Task inputs ::

▶

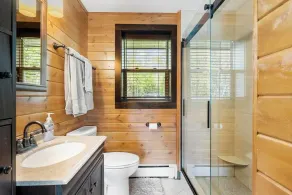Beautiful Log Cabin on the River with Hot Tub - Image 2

◀
▶

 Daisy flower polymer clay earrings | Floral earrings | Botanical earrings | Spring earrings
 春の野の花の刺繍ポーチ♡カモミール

◀
▶

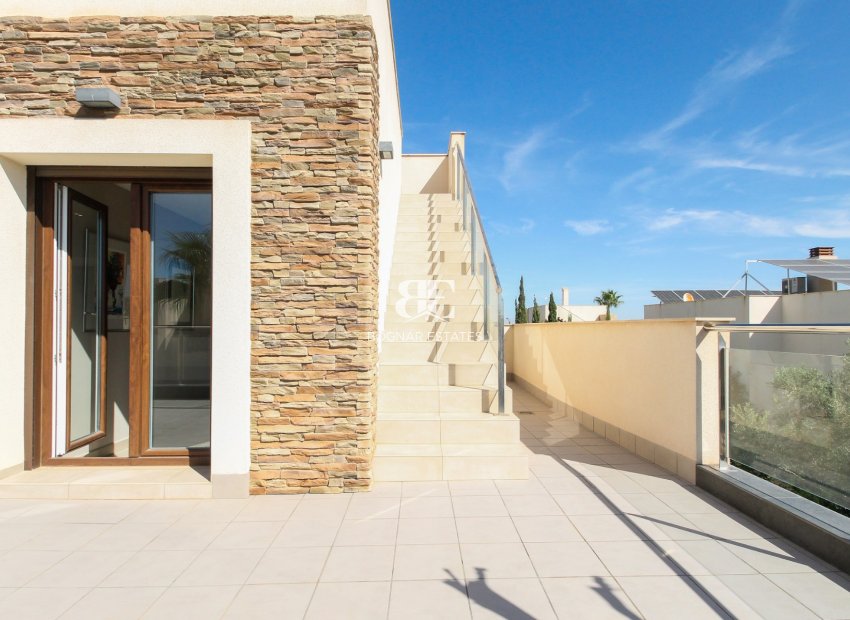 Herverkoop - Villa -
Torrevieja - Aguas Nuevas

◀

From the entries above, write out only the lines starting at the line that holds "Daisy flower polymer" and ending at the line that holds "春の野の花の刺繍ポーチ♡カモミール", keeping both and matching them exactly.

 Daisy flower polymer clay earrings | Floral earrings | Botanical earrings | Spring earrings
 春の野の花の刺繍ポーチ♡カモミール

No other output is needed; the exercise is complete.